[ACTION ITEM]: Repeat the listing exactly as given, omitting every image.

-- Opening Marker --

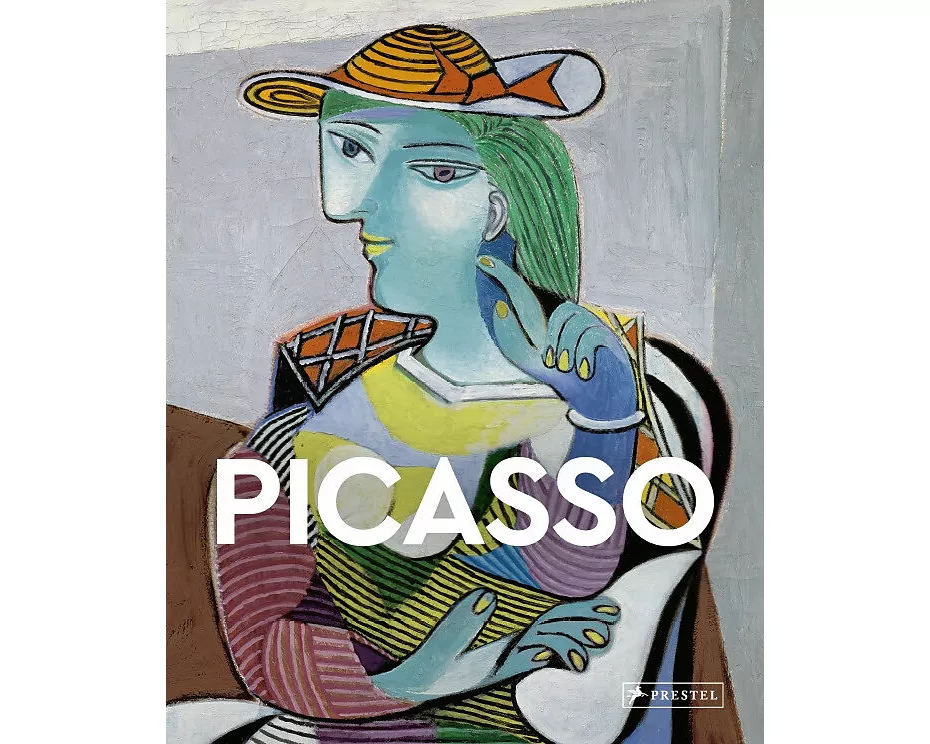 Picasso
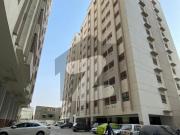 1050 Square Feet Flat In Scheme 33 For rent At Good...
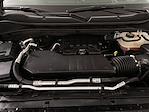 2023 Chevrolet Silverado 1500 Crew Cab 4x4 Pickup for sale #C8615 - photo 28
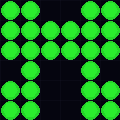 192.63.103.92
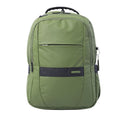 Imagen 1 - Mochila Cedar Green Wivetto 44Cm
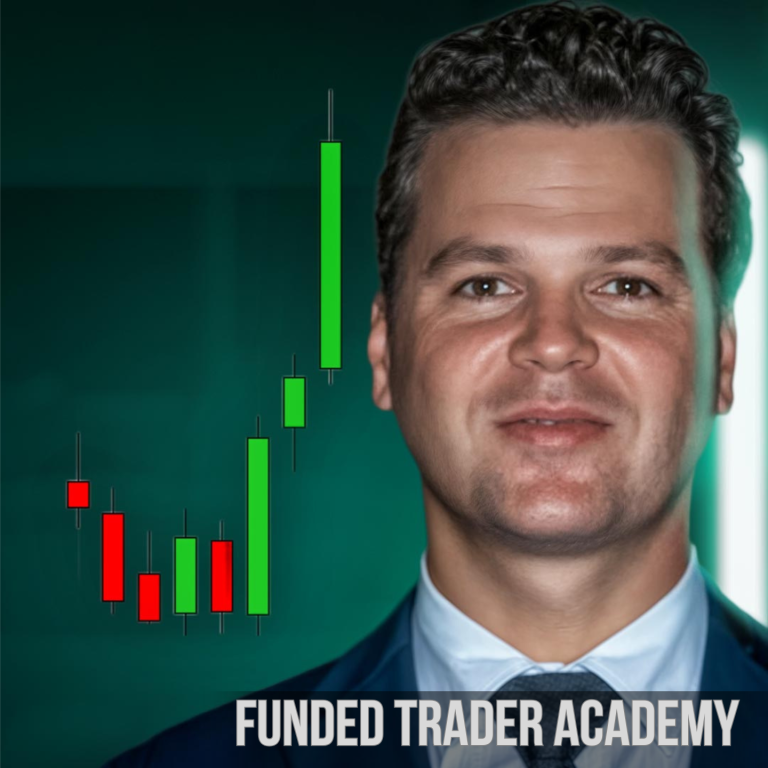 Internal → External Liquidity (Pro Setup Used Daily)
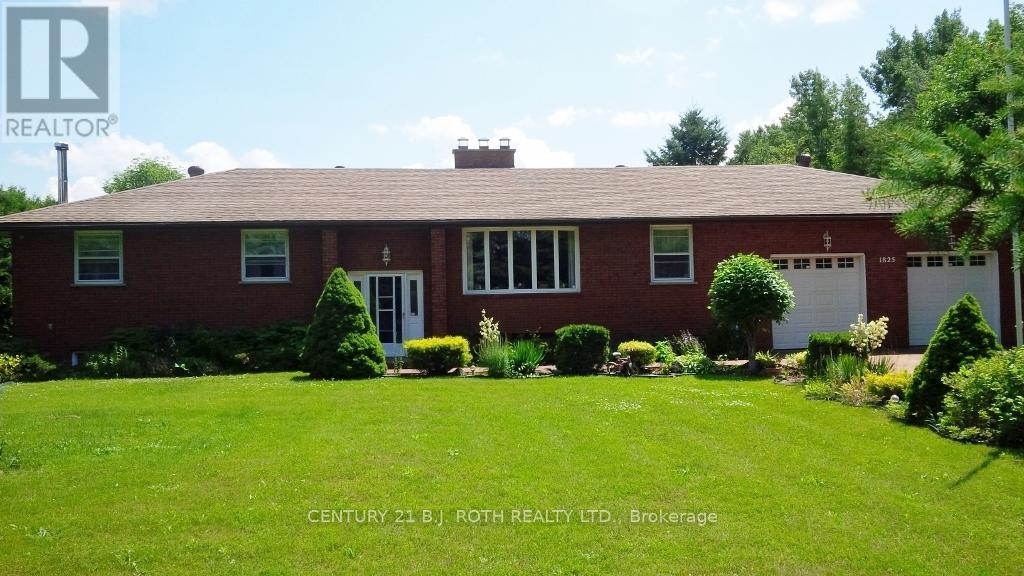 1825 6th Line, Innisfil, Ontario  L9S 4R3 - Photo 2 - N13144418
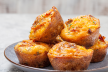Muffini od jaja.png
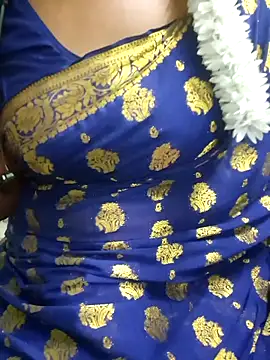 Snapshot of tamil-Diya90 chatting on April 2026 09:39:33 PM tamil-Diya90 online show from April 2026 09:39:33 PM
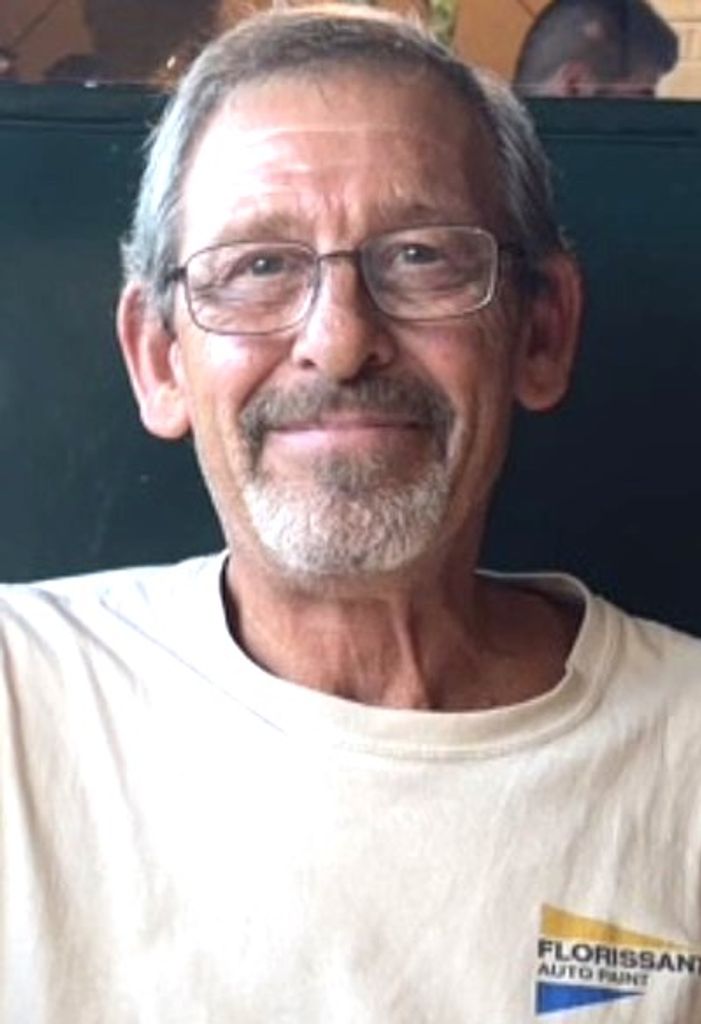 John Michael Bohn Profile Photo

-- Closing Marker --

[ANSWER SECTION]:
 Picasso
 1050 Square Feet Flat In Scheme 33 For rent At Good...
 2023 Chevrolet Silverado 1500 Crew Cab 4x4 Pickup for sale #C8615 - photo 28
 192.63.103.92
 Imagen 1 - Mochila Cedar Green Wivetto 44Cm
 Internal → External Liquidity (Pro Setup Used Daily)
 1825 6th Line, Innisfil, Ontario  L9S 4R3 - Photo 2 - N13144418
Muffini od jaja.png
 Snapshot of tamil-Diya90 chatting on April 2026 09:39:33 PM tamil-Diya90 online show from April 2026 09:39:33 PM
 John Michael Bohn Profile Photo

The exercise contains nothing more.